▶ [Work required]:
Lines from the line with "Insulated Screwdriver Set" to the line with "Ashley Parker Angel" in the entries below, and only those, must be output exactly, with both ends included.

#####

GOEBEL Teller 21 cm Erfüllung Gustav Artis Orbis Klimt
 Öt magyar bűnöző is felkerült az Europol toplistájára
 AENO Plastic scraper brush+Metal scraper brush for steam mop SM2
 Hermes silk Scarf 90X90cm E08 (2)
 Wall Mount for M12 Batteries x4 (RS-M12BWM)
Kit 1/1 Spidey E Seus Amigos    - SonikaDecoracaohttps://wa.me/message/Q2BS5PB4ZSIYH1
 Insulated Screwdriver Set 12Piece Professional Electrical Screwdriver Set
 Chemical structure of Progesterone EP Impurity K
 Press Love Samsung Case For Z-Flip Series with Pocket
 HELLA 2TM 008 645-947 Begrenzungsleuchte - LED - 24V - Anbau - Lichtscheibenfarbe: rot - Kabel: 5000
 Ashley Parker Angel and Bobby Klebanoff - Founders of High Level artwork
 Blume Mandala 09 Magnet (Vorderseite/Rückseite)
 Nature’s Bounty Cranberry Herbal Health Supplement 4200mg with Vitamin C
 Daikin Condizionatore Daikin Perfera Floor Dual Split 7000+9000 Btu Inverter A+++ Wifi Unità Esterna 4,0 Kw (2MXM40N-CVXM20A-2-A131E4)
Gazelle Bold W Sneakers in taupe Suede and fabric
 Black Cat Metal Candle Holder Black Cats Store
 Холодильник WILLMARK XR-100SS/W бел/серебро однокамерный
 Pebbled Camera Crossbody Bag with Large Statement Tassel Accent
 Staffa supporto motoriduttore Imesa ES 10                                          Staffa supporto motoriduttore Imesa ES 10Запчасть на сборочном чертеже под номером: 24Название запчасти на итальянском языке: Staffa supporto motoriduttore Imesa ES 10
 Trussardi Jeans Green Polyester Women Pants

#####

▶ [Task solution]:
 Insulated Screwdriver Set 12Piece Professional Electrical Screwdriver Set
 Chemical structure of Progesterone EP Impurity K
 Press Love Samsung Case For Z-Flip Series with Pocket
 HELLA 2TM 008 645-947 Begrenzungsleuchte - LED - 24V - Anbau - Lichtscheibenfarbe: rot - Kabel: 5000
 Ashley Parker Angel and Bobby Klebanoff - Founders of High Level artwork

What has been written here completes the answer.